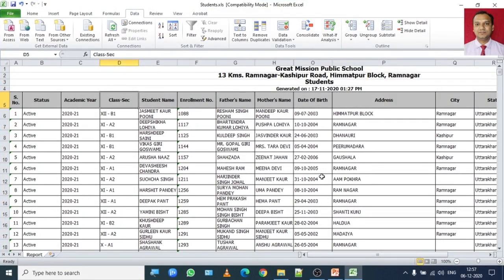So let's say I want to filter students of class 10 A2 from the given record. In order to make a selection we have to select the cell range for which you want to do the selection.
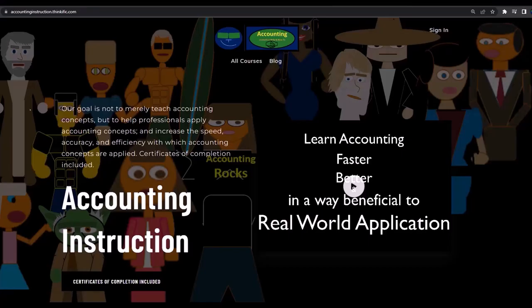If you would like a commercial-free experience, consider subscribing to our website at accountinginstruction.com or accountinginstruction.thinkific.com.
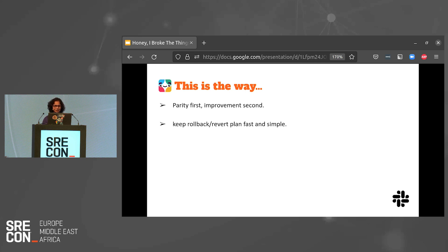Second: keep your rollback or revert plan fast and simple. Fast rollbacks are more important than getting things right the first time. Prepping a rollback pull request that is tested, reviewed, and approved can do wonders. We didn't have automatic rollbacks, but since these were simple DNS toggles of traffic between the old and new load balancing tiers, merging the change and deploying a Terraform pipeline only took a few minutes.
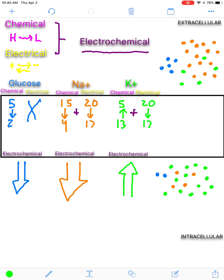In the next video on primary active transport, secondary active transport, and passive transport types, we will go through these gradients in a little bit more detail and talk about how these gradients are built. I'll see you in the next video.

### [YOUR OBJECTIVE]
Every line above goes into your copy exactly; no images go in.

### [ANSWER SPACE]
So let's say I want to filter students of class 10 A2 from the given record. In order to make a selection we have to select the cell range for which you want to do the selection.
If you would like a commercial-free experience, consider subscribing to our website at accountinginstruction.com or accountinginstruction.thinkific.com.
Second: keep your rollback or revert plan fast and simple. Fast rollbacks are more important than getting things right the first time. Prepping a rollback pull request that is tested, reviewed, and approved can do wonders. We didn't have automatic rollbacks, but since these were simple DNS toggles of traffic between the old and new load balancing tiers, merging the change and deploying a Terraform pipeline only took a few minutes.
In the next video on primary active transport, secondary active transport, and passive transport types, we will go through these gradients in a little bit more detail and talk about how these gradients are built. I'll see you in the next video.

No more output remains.